尽管我们的技术支持知识库有超过 2,800 篇文章,但我们知道有些标题这些文章无法解答 Elastic 支持助手的用户标题。例如:What new features would be available if I upgraded from Elastic Cloud 8.11 to 8.14? 不会出如今技术支持文章中,因为这不是一个故障修复标题,也不会出如今 OpenAI 模子中,因为 8.14 已经过了模子训练日期截止日期。
我们选择通过包罗更多官方 Elastic 泉源(例如所有版本的产品文档、Elastic 博客、搜索/安全/可观察性实验室和 Elastic 入门指南)作为语义搜索实现的泉源(类似于此示例)来解决这个标题。通过使用语义搜索在相关时检索这些文档,我们使支持助手可以大概回答更广泛的标题。
提取过程包括数十万份文档,并处理跨 Elastic 属性的复杂站点舆图。我们选择使用名为 Crawlee 的抓取和自动化库来处理保持知识库最新所需的规模和频率。
四个爬虫作业中的每一个都在 Google Cloud Run 上实行。我们之以是选择如许做,是因为作业的超时时间为 24 小时,并且可以在不使用 Cloud Tasks 或 PubSub 的环境下安排它们。我们的需求导致统共有四个作业并行运行,每个作业都有一个可以捕获特定种别文档的基本 URL。在抓取网站时,我们建议从没有重叠内容的基本 URL 开始,以制止提取重复项。这必须与在过高的级别抓取和提取对你的知识存储无用的文档保持平衡。例如,我们抓取 https://elastic.com/blog 和 https://www.elastic.co/search-labs/blog 而不是 elastic.co/,因为我们的目标是技术文档。
ml 字段中的嵌入存储为关键字和向量对。发出搜索查询时,它也会转换为嵌入。嵌入接近查询嵌入的文档被视为相关文档,并会进行检索和排名。以下示例是 title 字段 “How to install and run the support diagnostics troubleshooting utility” 的 ELSER 嵌入的样子 。虽然下面只显示了 title,但该字段还将包罗 summary 的所有向量嵌入。
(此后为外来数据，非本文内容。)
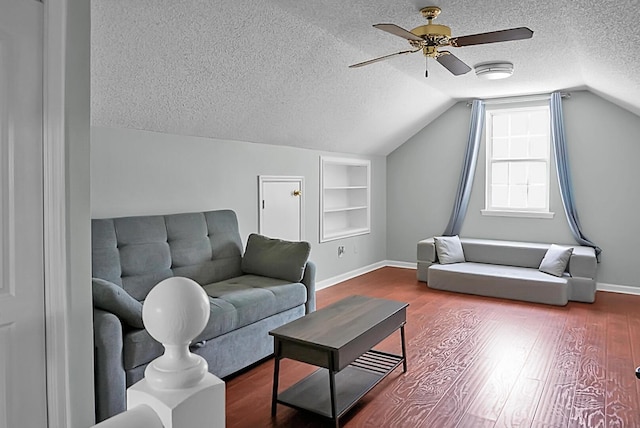 living room with built in features, wood-type flooring, lofted ceiling, ceiling fan, and a textured ceiling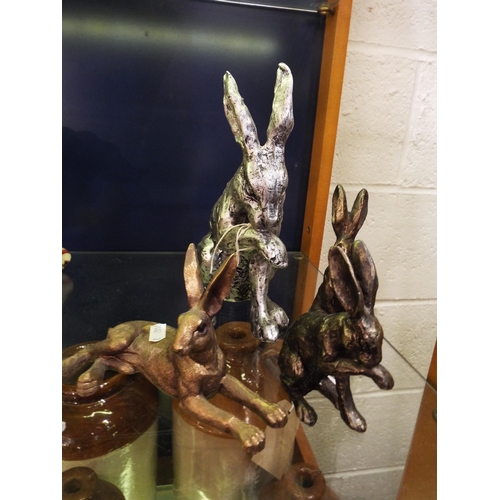 97 - A group of four resin figures of Hares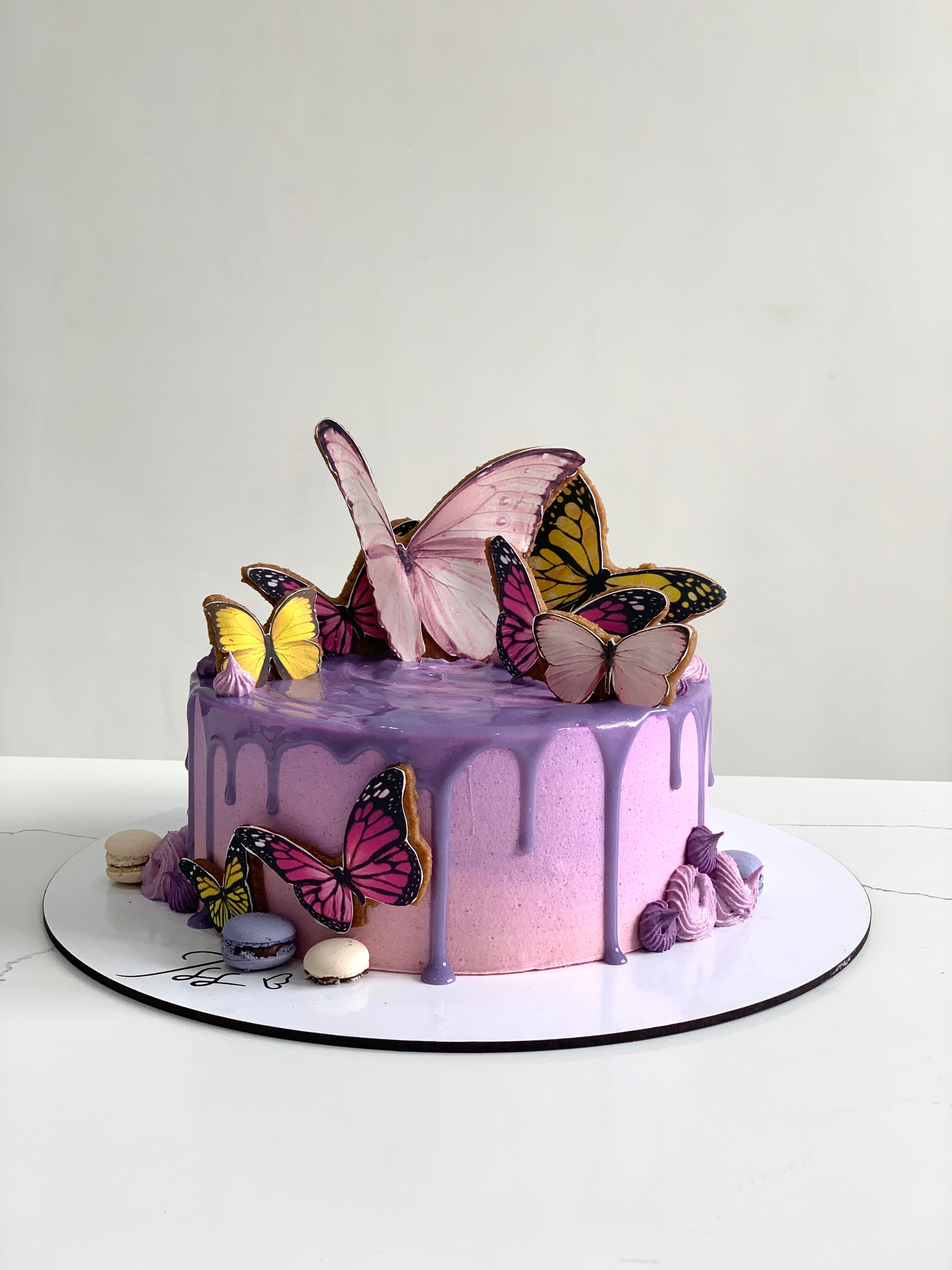 Edible paper cake topper for baby girl celebration, featuring pink and white design by The Sinful Spoon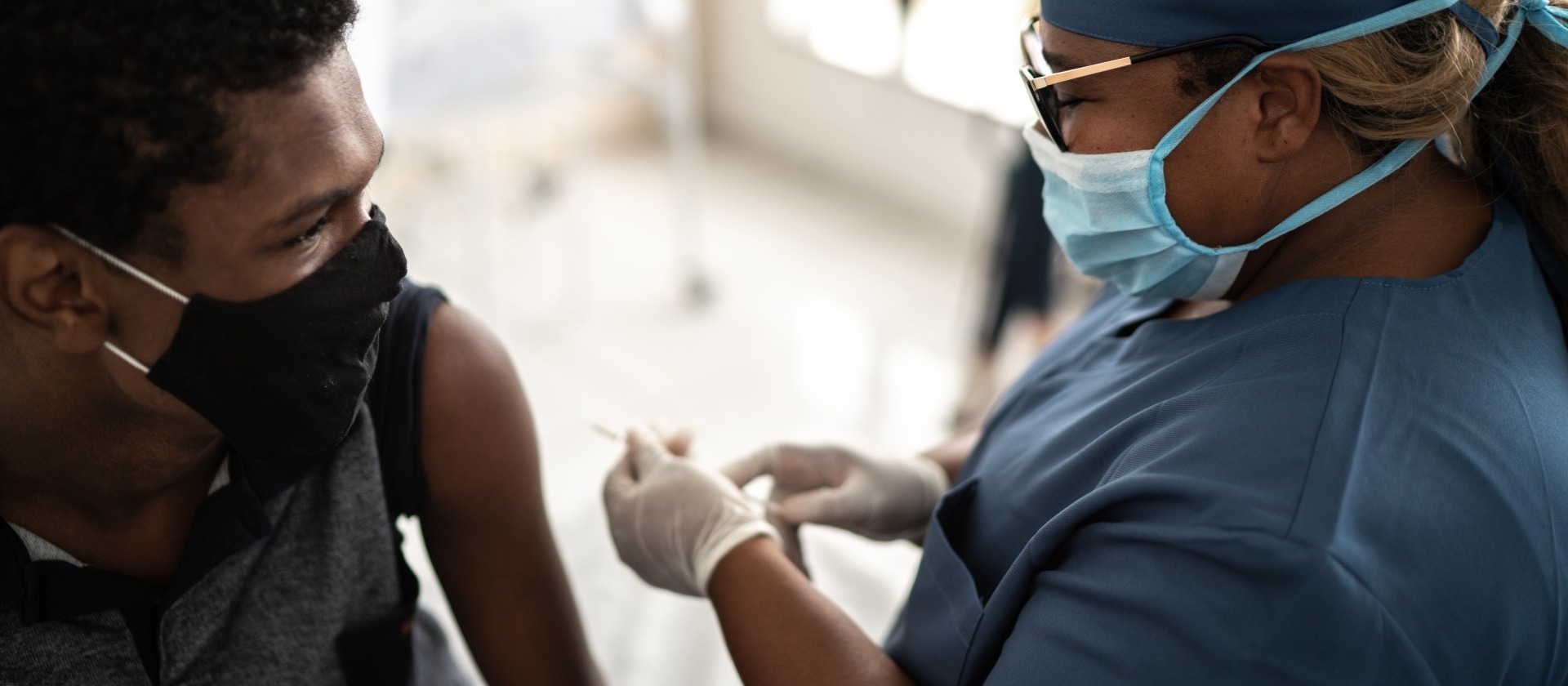 VAD-health-worker-gives-vaccine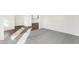 Bright living room featuring neutral tones, plush carpeting, and hardwood flooring at 19763 Atwater Ave, Sheridan, IN 46069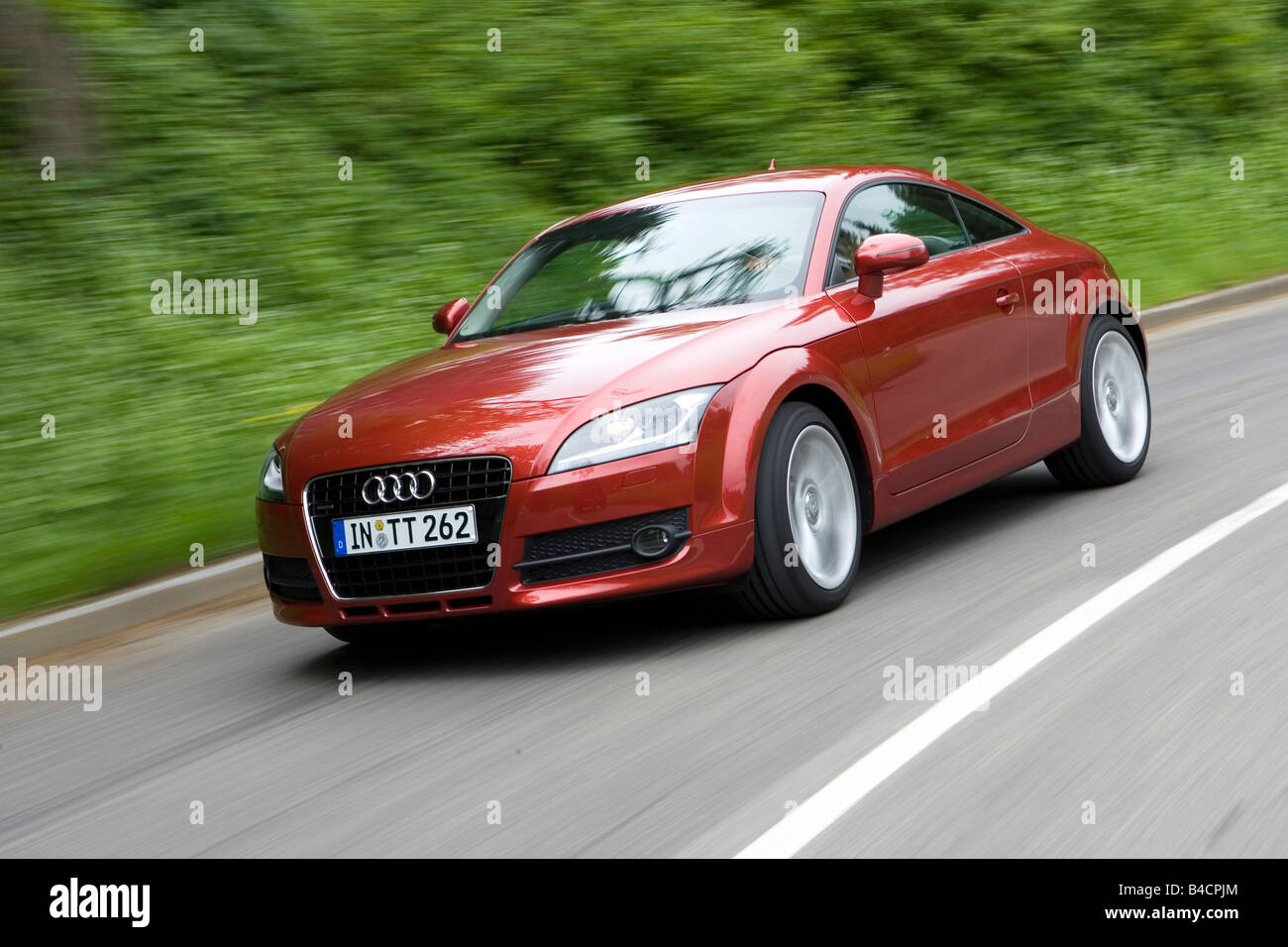 Audi TT 3.2 V6, model year 2006-, red/ruby colored, driving, diagonal from the front, frontal view, country road Stock Photo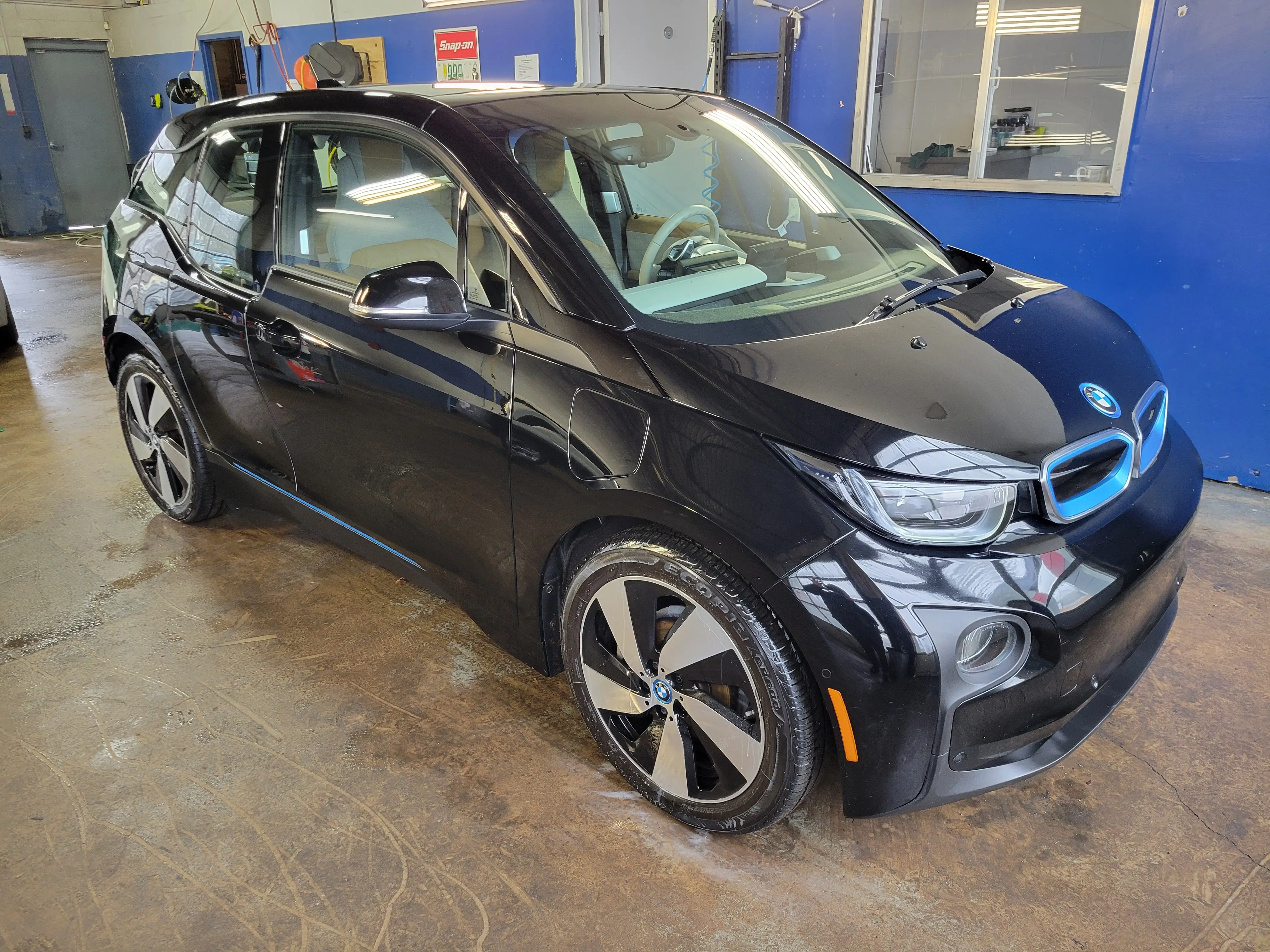 A detailed BMW i3 inside the Fast Track Detailing Solutions shop in Oakland County, Michigan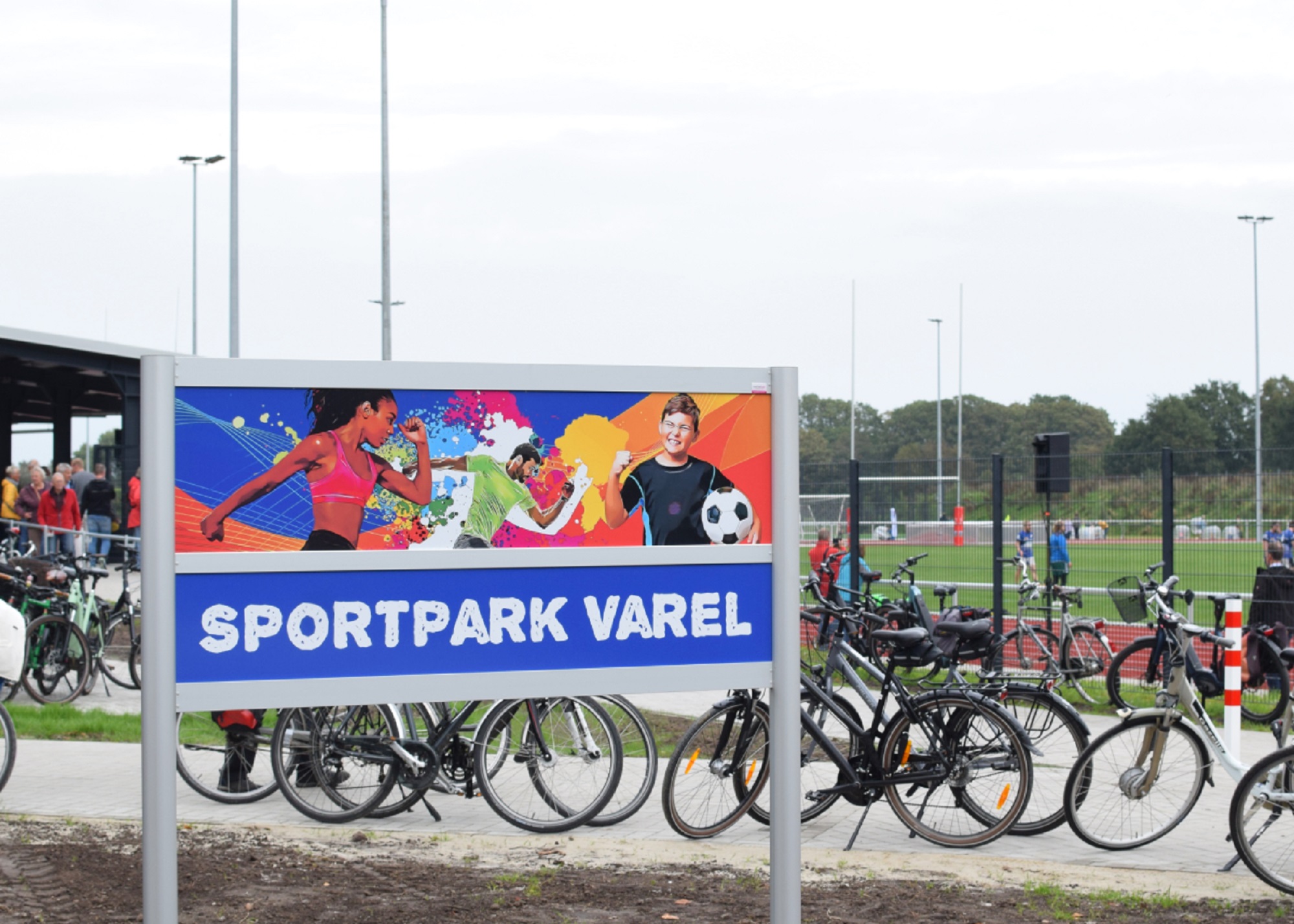 Stadt Varel Zu sehen sind ein Schild mit der Aufschrift 'SPORTPARK VAREL' vor Fahrradständern, im Hintergrund Sportplatz mit Spielern und Zuschauern.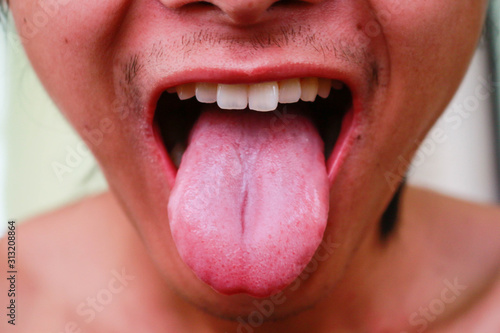 Close up image of young man showing tongue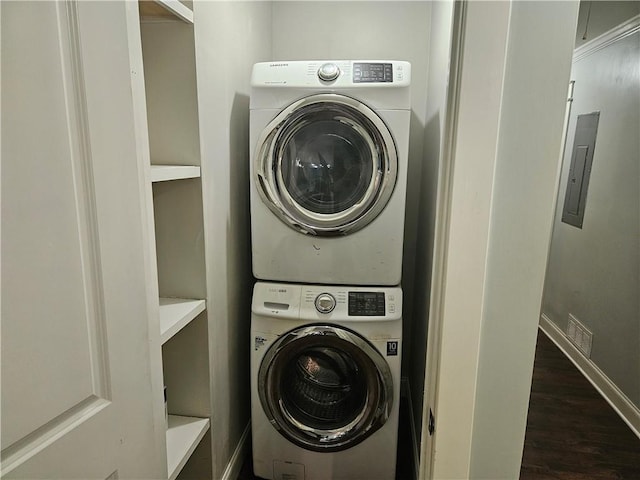 1192 Eastridge Rd SW, Atlanta, GA 30311 - washroom with stacked washer and dryer and dark hardwood / wood-style floors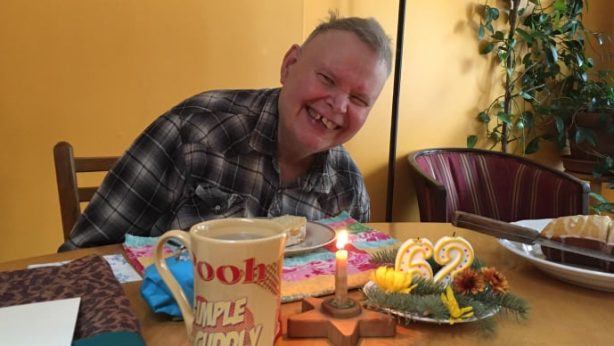 Jeff is wearing a black and white plaid shirt. He is sitting at a table, and in front of him is a mug, a slice of birthday cake, the rest of the birthday cake, a lit candle, and two unlit candles that say 62. He is smiling.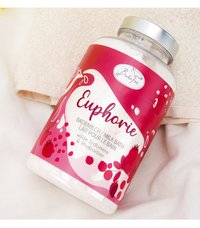 Glass jar of Babefee Euphoria milk bath with wild strawberry and rhubarb, resting on beige and white towels.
For \`generate[ì]\`, you will generate increasingly concise, entity-dense summaries of \`data\`, considering content fields only,respecting the instructions in \`generate[i].prompt\` definition and the meaning of target \`generate[i].name\` field.
Repeat the following 2 steps 3 times.
Step 1. Identify 1-3 informative entities (";" delimited) from the article which are missing from the previously generated summary.
Step 2. Write a new, denser summary of identical length which covers every entity and detail from the previous summary plus the missing entities.
A missing entity is:
- relevant to the main story,
- specific yet concise (5 words or fewer),
- novel (not in the previous summary),
- faithful (present in the article),
- anywhere (can be located anywhere in the article).
Guidelines:
- The first summary should be long yet highly non-specific, containing little information beyond the entities marked as missing. Use overly verbose language and fillers (e.g., "this article discusses") to reach ~80 words.
- Make every word count: rewrite the previous summary to improve flow and make space for additional entities.
- Make space with fusion, compression, and removal of uninformative phrases like "the article discusses".
- The summaries should become highly dense and concise yet self-contained, i.e., easily understood without the article.
- Missing entities can appear anywhere in the new summary.
- Never drop entities from the previous summary. If space cannot be made, add fewer new entities.
Output: \`generatedField[i]\` with the resulting string.